I just started woodworking this year. To learn techniques, I've started with building for my shop which is small - a one car garage that also houses a car. This is my first project. It is a station for my miter saw primarily. I used ideas from a lot of different areas and created my own mashup. The miter saw can be removed and placed in the center tray to have a large work area. The left area is storage for my bench grinder and can be set up on the top. I just finished it today and now it's on to the next project.


----------



## johnstoneb (Jun 14, 2012)

Good job, looks like plenty of starge also.


----------



## LeeInAZ (Aug 16, 2011)

II took the same approach when I started woodworking.
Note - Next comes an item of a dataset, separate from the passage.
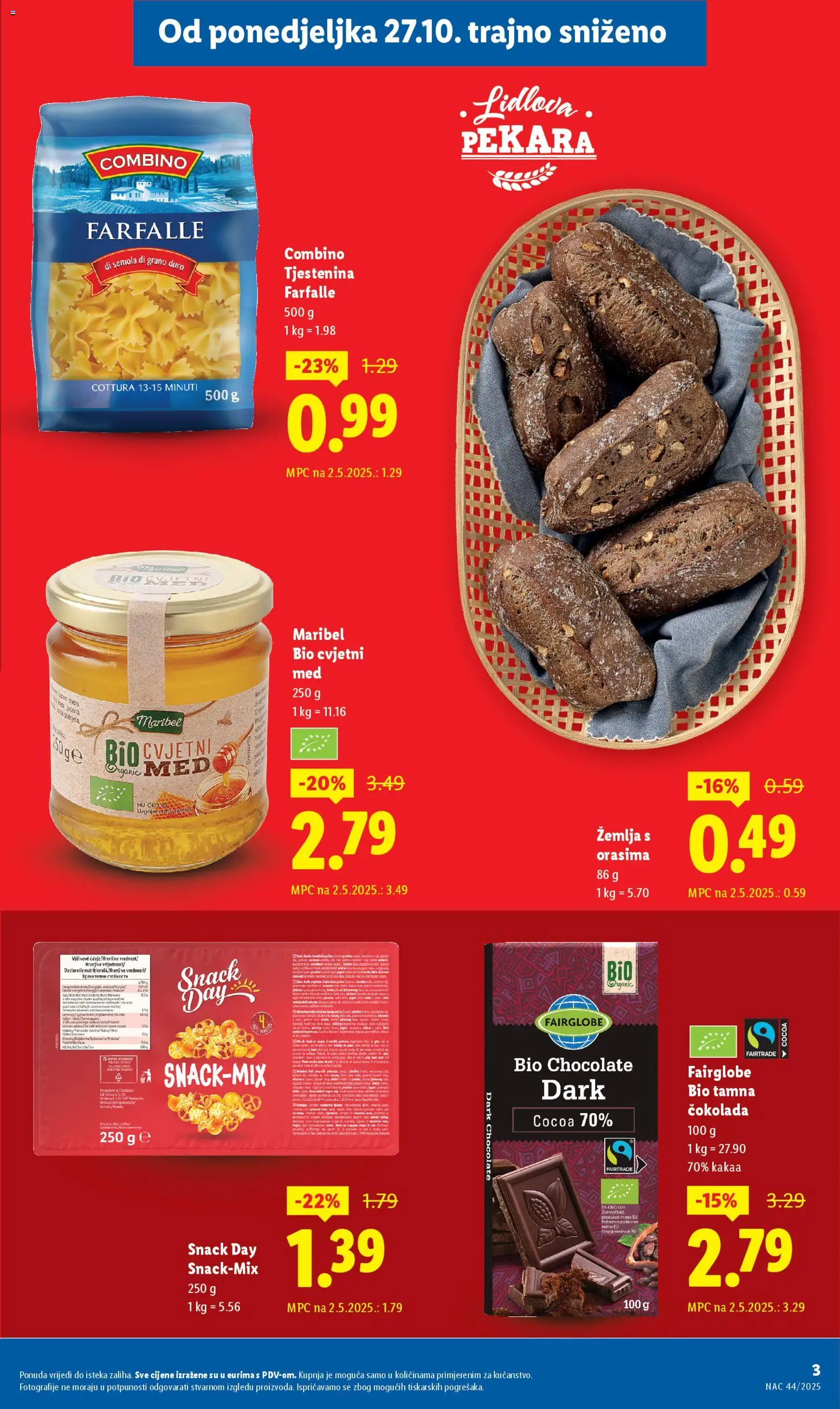 Lidl katalog | vrijedi od 08.09.2025 | Stranica: 3 | Proizvodi: Pekara, Čokolada, Tjestenina, Pasta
Building your shop cabinets is a great way to hone skills and practice your techniques.

Very nice work.


----------



## English (May 10, 2014)

Great looking cabinet, Good storage for your tools. I plan to build more storage cabinets soon.


----------



## dirtycurty (Jan 29, 2014)

That is a really nice cabinet!!!!!!!! I do have a question and a suggestion, what is in what looks like a big drawer on the right side? Suggestion, if you already don't have one how about a wooden box of some sort to put in the spot where the miter saw is? when you stow away the saw below you can insert the box on the bench and have a full length flat work surface.


----------



## NiteWalker (May 7, 2011)

Great job. I like the setup.
Those woodpecker multiknobs are great; I use them all over the shop.


----------



## nes_matt (Jul 8, 2014)

This is great. I want to do something very similar, but have a bay for my thickness planer so the surface can be the infeed and out feed table. Either that or, if I can come up with a clever way to keep the fences aligned for the cut off saw, swap the paner and cut off in the same position with different bases so they line ip with the deck properly.


----------